The spline approach uses quantile regression to fit a smoothing spline to the 4sU dropout rank plot, which is then used to correct labelled RNA.
Value
a new grandR object that is corrected for 4sU dropout
See Also
Estimate4sUDropoutPercentage,ComputeSummaryStatistics
Internal function to apply functions to all slots etc.
Description
Internal function to apply functions to all slots etc.
Usage
data.apply(data, fun, fun.gene.info = NULL, fun.coldata = NULL, ...)
Arguments
data |
a grandR object |
fun |
apply this function to each data slot (i.e. it receives each data matrix) |
fun.gene.info |
apply this function to the gene info table |
fun.coldata |
apply this function to the column annotation table |
... |
passed further to fun, fun.gene.info and fun.coldata |
Details
The additional parameters are provided to each of the functions.
Value
A new grandR object
Density estimation in 2d
Description
Estimate point densities on a regular grid for.
Usage
density2d(x, y, facet = NULL, n = 100, margin = "n")
Arguments
x |
x coordinates |
y |
y coordinates |
facet |
factor: estimate for each unique factor; can be NULL |
n |
size of the grid |
margin |
one of 'n','x' or 'y'; should the density be computed along both axes ('n'), or along 'x' or 'y' axis only |
Value
a density value for each point
Perform 4sU dropout tests
Description
Testing for RNA dropout of a 4sU sample is performed by comparing half-lives or NTR ranks against the log2 fold change of the 4sU sample vs equivalent no4sU samples.
Usage
Plot4sUDropoutRankAll(data, pairs = Findno4sUPairs(data), ...)

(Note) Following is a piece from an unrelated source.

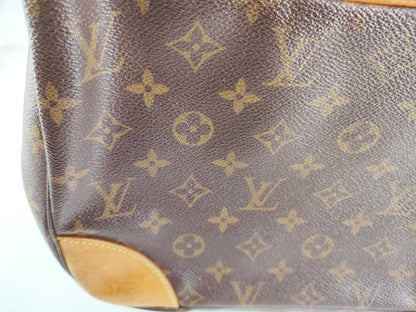 LOUIS VUITTON Monogram Louis Vuitton Shoulder Bag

Plot4sUDropoutAll(data, pairs = Findno4sUPairs(data), ...)
Plot4sUDropoutDeferAll(data, pairs = NULL, ...)
Plot4sUDropoutRankDeferAll(data, pairs = NULL, ...)
Plot4sUDropoutRank(
data,
w4sU,
no4sU = Findno4sUPairs(data)[[w4sU]],
ntr = w4sU,
ylim = NULL,
LFC.fun = lfc::PsiLFC,
slot = "count",
correction = 1,
label.corr = TRUE,
return.corr = FALSE,
boxplot.bins = 10,
title = w4sU,
size = 1.5,
invert.ranks = FALSE
)
Plot4sUDropout(
data,
w4sU,
no4sU = Findno4sUPairs(data)[[w4sU]],
ntr = w4sU,
ylim = NULL,
LFC.fun = lfc::PsiLFC,
slot = "count",
hl.quantile = 0.8,
hl = NULL,
correction = 1,
label.corr = FALSE,
return.corr = FALSE,
title = w4sU,
size = 1.5,
color.by.ntr = FALSE
)
Arguments
data |
a grandR object |
pairs |
a no4sU pairs list as generated by Findno4sUPairs |
... |
further arguments to be passed to or from other methods. |
w4sU |
the name of a 4sU sample |
no4sU |
the name(s) of equivalent no4sU sample(s) |
ntr |
the name of a sample to take NTRs from (usually equal to w4sU) |
ylim |
y axis limits |
LFC.fun |
function to compute log fold change (default: PsiLFC, other viable option: NormLFC) |
slot |
the slot of the grandR object to take the data from; for PsiLFC, this really should be "count"! |
correction |
correction factor |
label.corr |
add statistics as subtitle |
return.corr |
instead of only the ggplot object, return a list with slots plot (what is normally returned) and label (the correlation statistics) |
boxplot.bins |
how many boxplots for |
title |
the main title for the plot |
size |
the point size |
invert.ranks |
if TRUE, left to right on the plot is largest NTR to smallest NTR |
hl.quantile |
the half-life quantile to cut the plot |
hl |
if NULL, compute half-lives from the ntr column; otherwise, must be a vector containing half-lives |
color.by.ntr |
if true, compute the density colors along the ntr axis instead of globally |
Details
The deferred versions are useful to be used in conjunction with ServeGrandR plot.static. Their implementation make sure that they are lightweight, i.e. when saving the returned function to an Rdata file, the grandR object is not stored.
Value
either a ggplot object, a list of ggplot objects, or a list of deferred functions for plotting
See Also
Estimate 4sU dropout percentages
Description
For several potential reasons, a sample specific percentage of reads from labelled RNA might be lost. This percentage can be estimated from data of this sample and an equivalent 4sU naive control (see details).
Usage
Estimate4sUDropoutPercentage(data, pairs = Findno4sUPairs(data), ...)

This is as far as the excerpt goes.